Web page caption snippets
*****

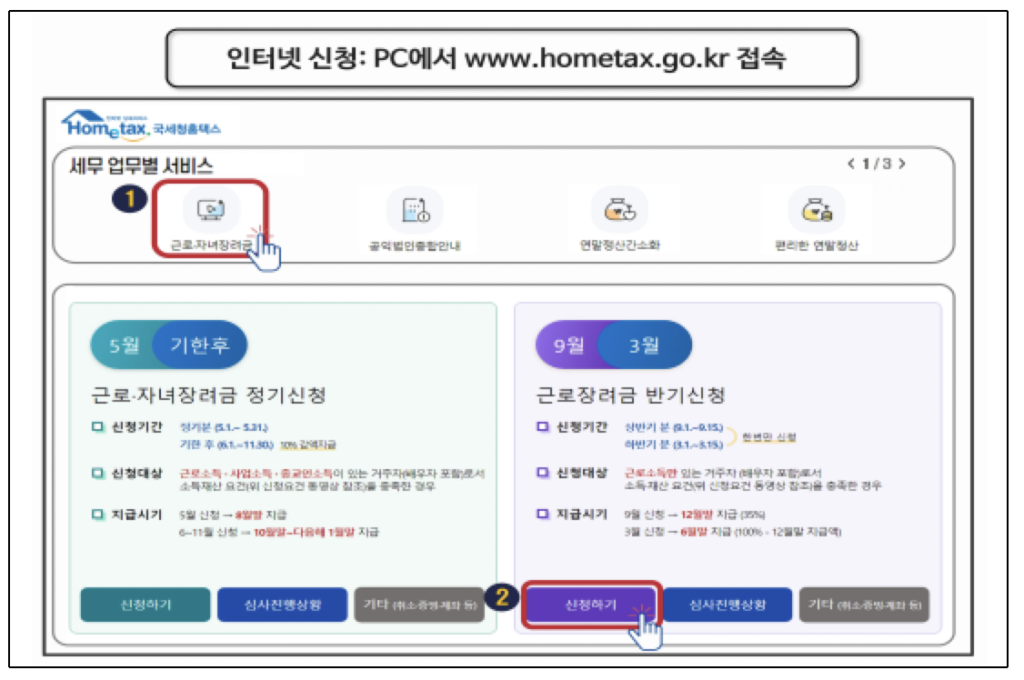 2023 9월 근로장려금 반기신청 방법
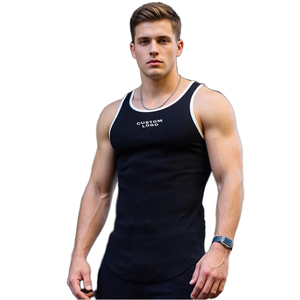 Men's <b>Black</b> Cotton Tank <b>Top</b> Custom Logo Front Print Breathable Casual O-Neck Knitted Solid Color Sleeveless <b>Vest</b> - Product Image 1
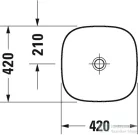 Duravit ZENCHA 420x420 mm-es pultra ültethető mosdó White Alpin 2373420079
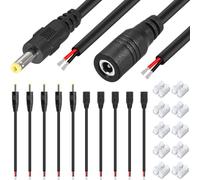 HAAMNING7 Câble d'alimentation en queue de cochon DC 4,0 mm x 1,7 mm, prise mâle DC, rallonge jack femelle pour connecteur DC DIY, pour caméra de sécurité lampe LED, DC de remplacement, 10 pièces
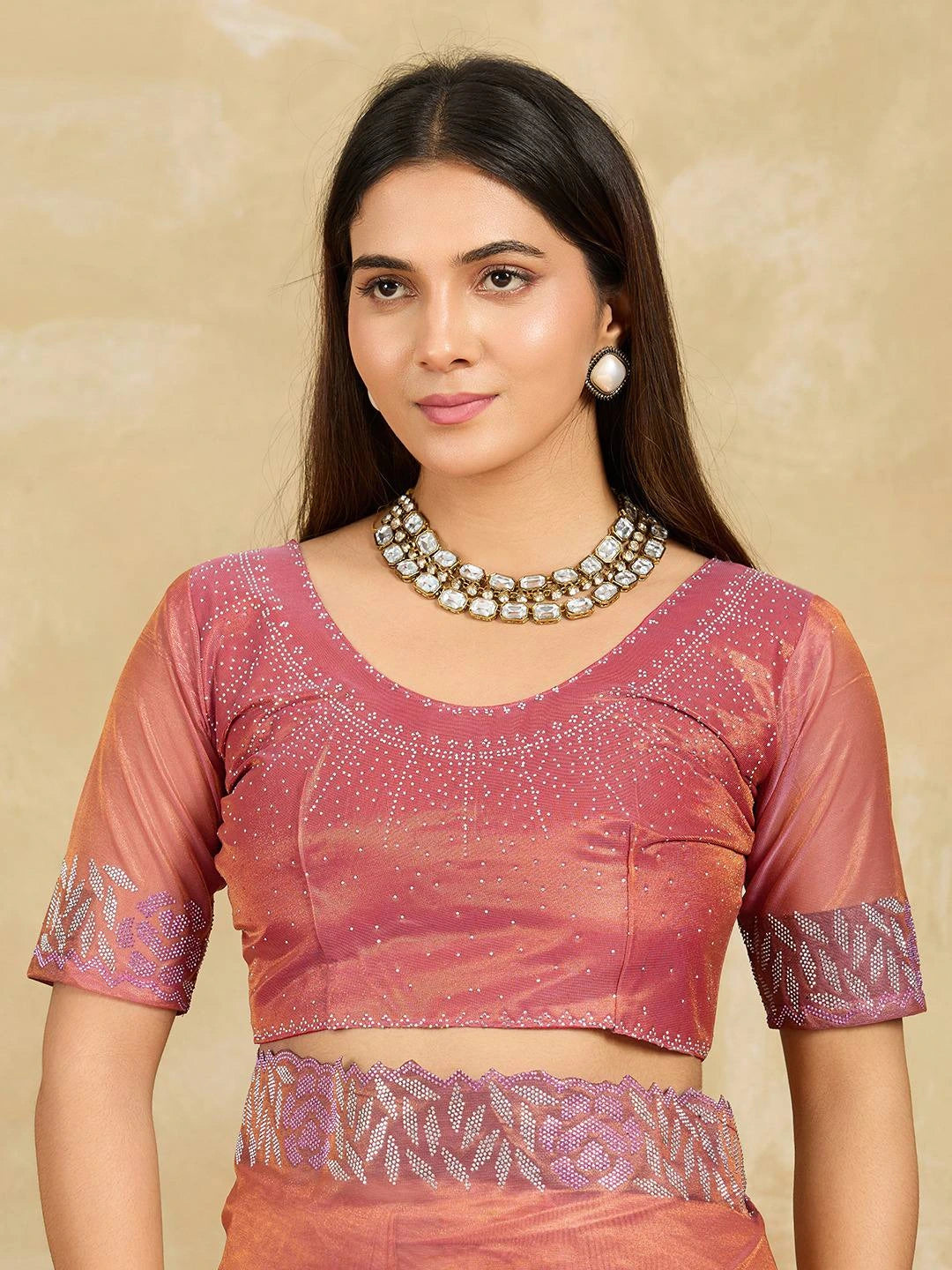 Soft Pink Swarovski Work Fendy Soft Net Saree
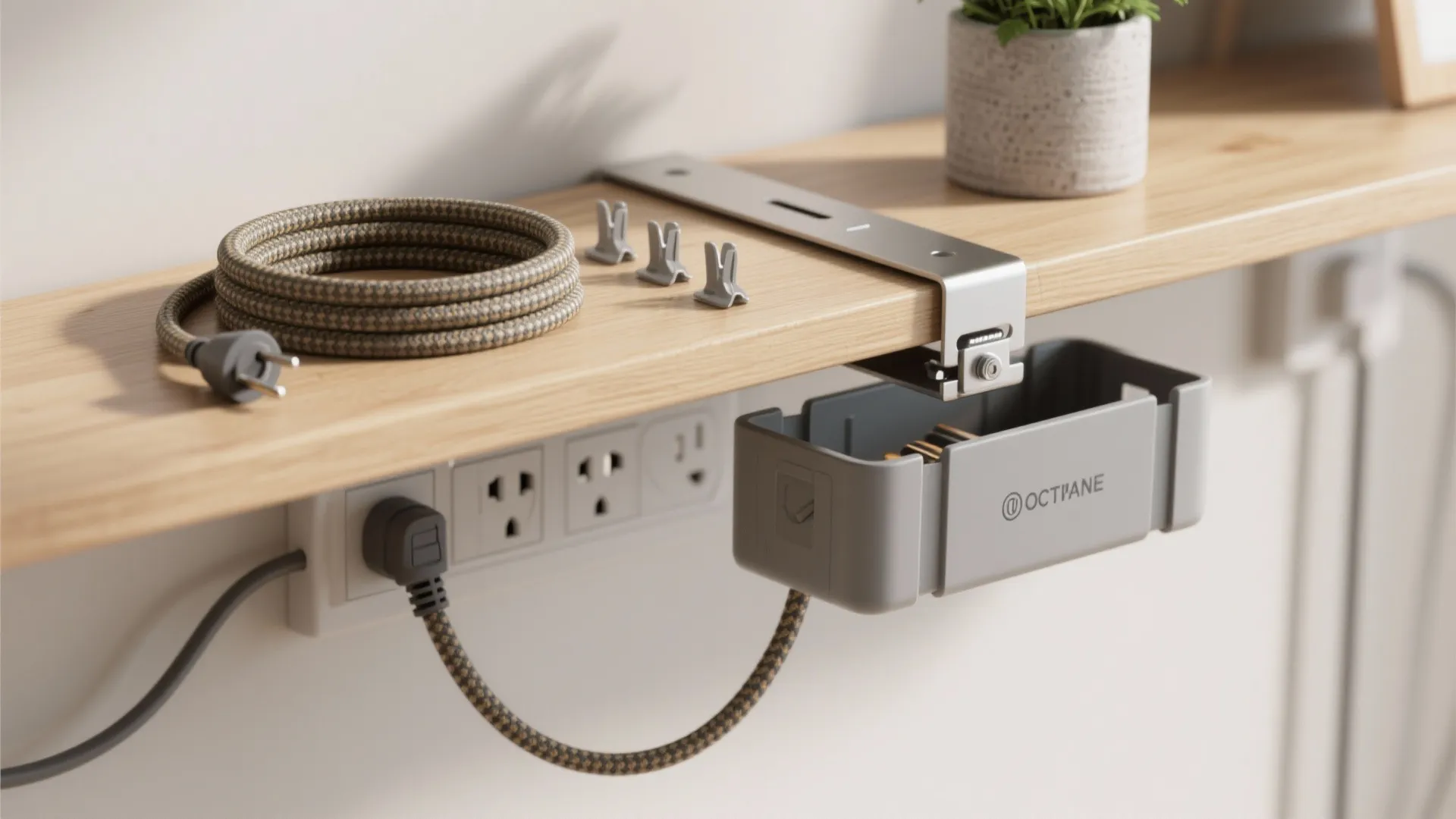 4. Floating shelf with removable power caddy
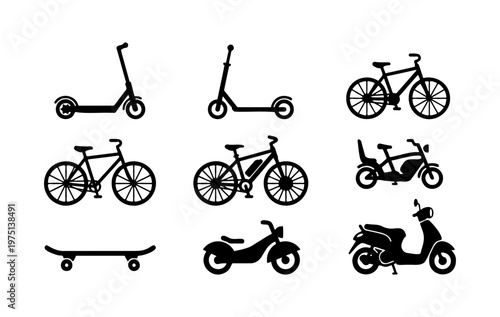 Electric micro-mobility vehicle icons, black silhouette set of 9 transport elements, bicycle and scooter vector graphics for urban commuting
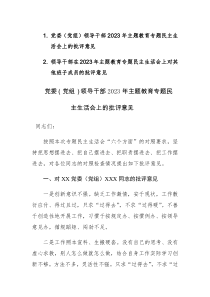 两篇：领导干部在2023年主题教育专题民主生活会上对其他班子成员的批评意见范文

*****

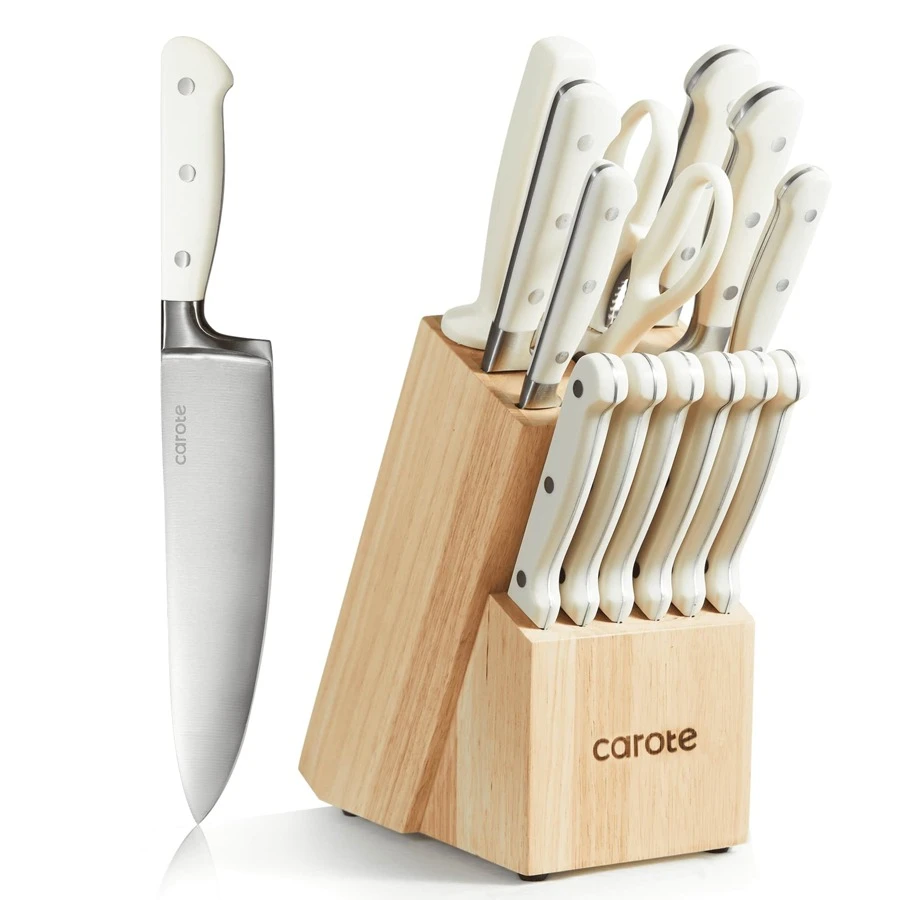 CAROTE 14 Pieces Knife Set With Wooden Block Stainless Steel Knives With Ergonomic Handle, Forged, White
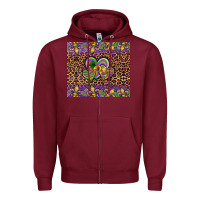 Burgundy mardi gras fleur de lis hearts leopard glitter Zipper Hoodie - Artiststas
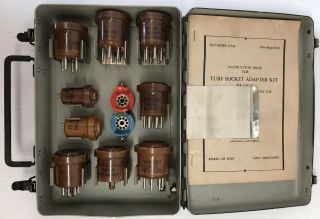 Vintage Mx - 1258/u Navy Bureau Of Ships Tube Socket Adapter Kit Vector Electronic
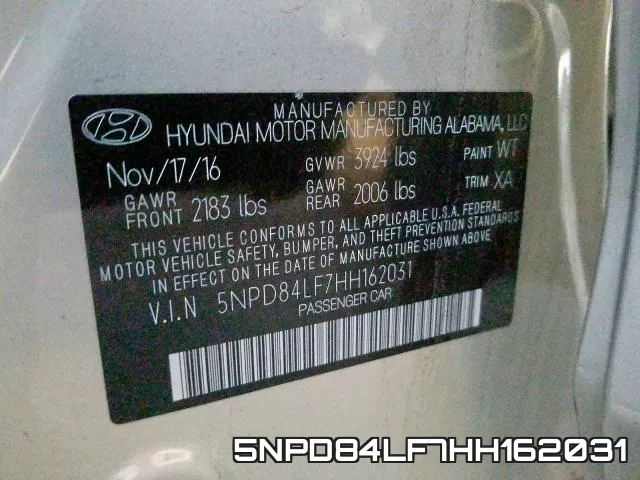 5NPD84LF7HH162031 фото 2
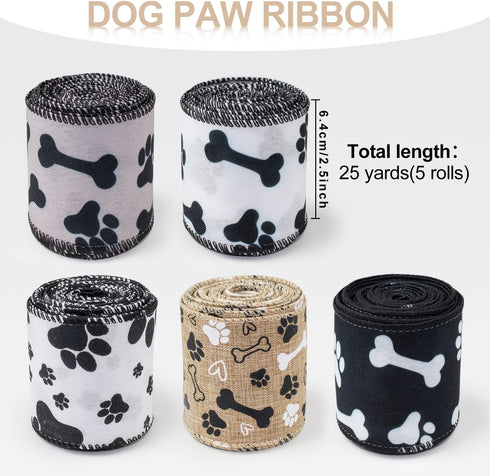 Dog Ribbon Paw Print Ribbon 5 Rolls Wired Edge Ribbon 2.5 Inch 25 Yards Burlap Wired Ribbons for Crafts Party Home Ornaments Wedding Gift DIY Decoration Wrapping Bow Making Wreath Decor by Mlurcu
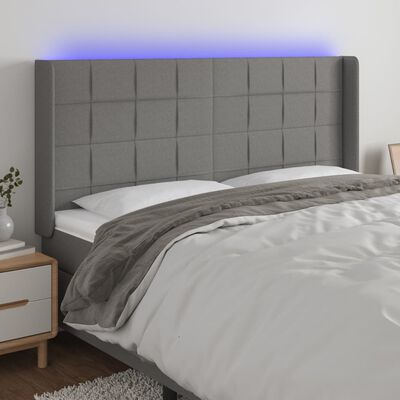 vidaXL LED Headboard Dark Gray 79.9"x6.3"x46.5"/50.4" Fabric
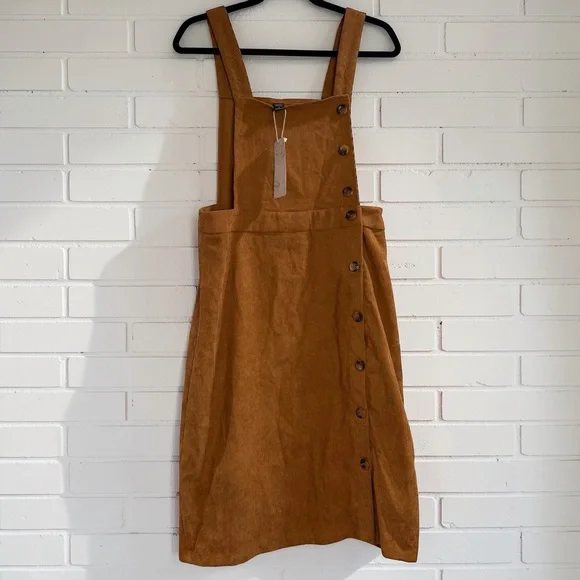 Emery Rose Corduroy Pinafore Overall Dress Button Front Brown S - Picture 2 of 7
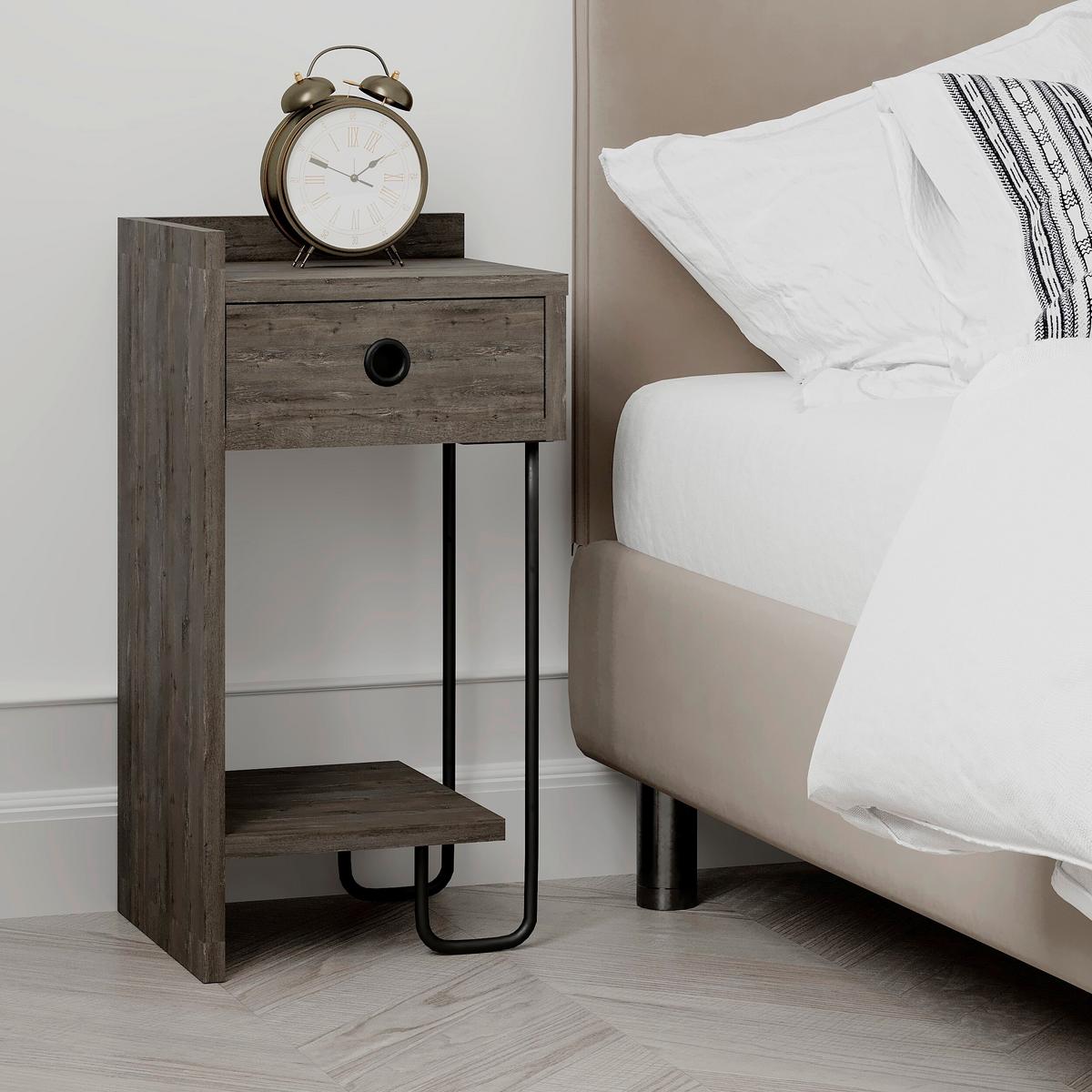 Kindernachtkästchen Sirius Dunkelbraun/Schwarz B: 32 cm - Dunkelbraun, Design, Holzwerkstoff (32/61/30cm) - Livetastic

*****

Although the records hold pictures, the copy must not; give again exactly the lines from the one with "2023 9월 근로장려금 반기신청 방법" through the one with "两篇：领导干部在2023年主题教育专题民主生活会上对其他班子成员的批评意见范文".

 2023 9월 근로장려금 반기신청 방법
 Men's <b>Black</b> Cotton Tank <b>Top</b> Custom Logo Front Print Breathable Casual O-Neck Knitted Solid Color Sleeveless <b>Vest</b> - Product Image 1
 Duravit ZENCHA 420x420 mm-es pultra ültethető mosdó White Alpin 2373420079
 HAAMNING7 Câble d'alimentation en queue de cochon DC 4,0 mm x 1,7 mm, prise mâle DC, rallonge jack femelle pour connecteur DC DIY, pour caméra de sécurité lampe LED, DC de remplacement, 10 pièces
 Soft Pink Swarovski Work Fendy Soft Net Saree
 4. Floating shelf with removable power caddy
 Electric micro-mobility vehicle icons, black silhouette set of 9 transport elements, bicycle and scooter vector graphics for urban commuting
 两篇：领导干部在2023年主题教育专题民主生活会上对其他班子成员的批评意见范文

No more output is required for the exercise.